▶ _WHAT YOU WILL DO_
Count each line below that has the word "Drive" in it, and give only the total.

START GIVEN INFORMATION

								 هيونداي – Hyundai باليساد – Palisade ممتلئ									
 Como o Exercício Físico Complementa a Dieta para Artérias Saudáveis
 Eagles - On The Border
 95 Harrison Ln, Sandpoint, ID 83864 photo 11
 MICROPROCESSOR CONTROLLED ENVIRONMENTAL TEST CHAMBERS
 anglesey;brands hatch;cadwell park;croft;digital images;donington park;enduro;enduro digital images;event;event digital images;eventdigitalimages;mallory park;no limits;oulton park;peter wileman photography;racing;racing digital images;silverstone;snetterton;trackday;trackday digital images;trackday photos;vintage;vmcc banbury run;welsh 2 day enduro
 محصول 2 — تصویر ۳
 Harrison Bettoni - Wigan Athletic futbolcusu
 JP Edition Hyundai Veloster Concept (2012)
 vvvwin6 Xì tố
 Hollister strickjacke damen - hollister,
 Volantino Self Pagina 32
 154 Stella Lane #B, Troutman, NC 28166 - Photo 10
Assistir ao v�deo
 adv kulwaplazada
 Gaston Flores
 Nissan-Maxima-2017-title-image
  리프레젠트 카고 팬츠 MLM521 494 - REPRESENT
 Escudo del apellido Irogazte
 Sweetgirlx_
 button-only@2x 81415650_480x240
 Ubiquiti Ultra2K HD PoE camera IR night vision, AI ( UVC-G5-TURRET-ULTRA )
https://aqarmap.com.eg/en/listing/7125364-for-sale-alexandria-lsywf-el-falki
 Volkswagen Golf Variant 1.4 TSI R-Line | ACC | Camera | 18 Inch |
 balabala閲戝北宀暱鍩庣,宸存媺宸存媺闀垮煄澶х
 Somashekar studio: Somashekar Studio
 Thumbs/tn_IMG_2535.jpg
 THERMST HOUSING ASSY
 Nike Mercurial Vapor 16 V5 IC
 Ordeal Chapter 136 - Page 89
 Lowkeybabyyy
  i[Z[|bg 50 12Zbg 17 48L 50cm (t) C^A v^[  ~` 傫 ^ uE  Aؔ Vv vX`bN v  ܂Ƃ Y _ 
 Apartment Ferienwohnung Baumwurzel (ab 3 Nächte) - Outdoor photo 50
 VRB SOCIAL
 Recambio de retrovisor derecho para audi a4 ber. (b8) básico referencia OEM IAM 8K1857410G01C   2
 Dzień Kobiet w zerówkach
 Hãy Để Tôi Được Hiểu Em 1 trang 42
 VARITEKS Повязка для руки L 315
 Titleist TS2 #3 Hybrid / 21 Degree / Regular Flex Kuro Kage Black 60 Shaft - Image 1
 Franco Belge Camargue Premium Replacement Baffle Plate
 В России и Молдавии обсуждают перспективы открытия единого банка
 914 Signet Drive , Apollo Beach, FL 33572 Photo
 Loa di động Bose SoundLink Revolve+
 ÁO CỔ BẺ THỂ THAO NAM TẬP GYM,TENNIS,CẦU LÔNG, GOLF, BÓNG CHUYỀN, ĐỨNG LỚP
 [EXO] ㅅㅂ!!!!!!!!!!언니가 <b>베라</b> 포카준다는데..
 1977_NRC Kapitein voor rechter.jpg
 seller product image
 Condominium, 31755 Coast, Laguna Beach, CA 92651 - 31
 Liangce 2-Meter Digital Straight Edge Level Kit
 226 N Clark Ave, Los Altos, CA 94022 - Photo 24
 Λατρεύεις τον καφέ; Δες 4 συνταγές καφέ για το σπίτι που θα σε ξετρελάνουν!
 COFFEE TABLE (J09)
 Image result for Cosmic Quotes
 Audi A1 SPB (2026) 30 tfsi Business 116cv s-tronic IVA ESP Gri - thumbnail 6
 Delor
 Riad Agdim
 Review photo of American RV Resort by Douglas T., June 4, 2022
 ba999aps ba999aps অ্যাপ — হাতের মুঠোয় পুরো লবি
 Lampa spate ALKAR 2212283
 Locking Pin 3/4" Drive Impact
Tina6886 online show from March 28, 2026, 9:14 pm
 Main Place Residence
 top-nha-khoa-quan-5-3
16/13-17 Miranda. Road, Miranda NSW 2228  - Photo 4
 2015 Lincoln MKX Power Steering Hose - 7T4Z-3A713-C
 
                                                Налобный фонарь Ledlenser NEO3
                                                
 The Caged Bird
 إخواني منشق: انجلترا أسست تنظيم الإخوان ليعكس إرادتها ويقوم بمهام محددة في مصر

END GIVEN INFORMATION

▶ _YOUR SOLUTION_
2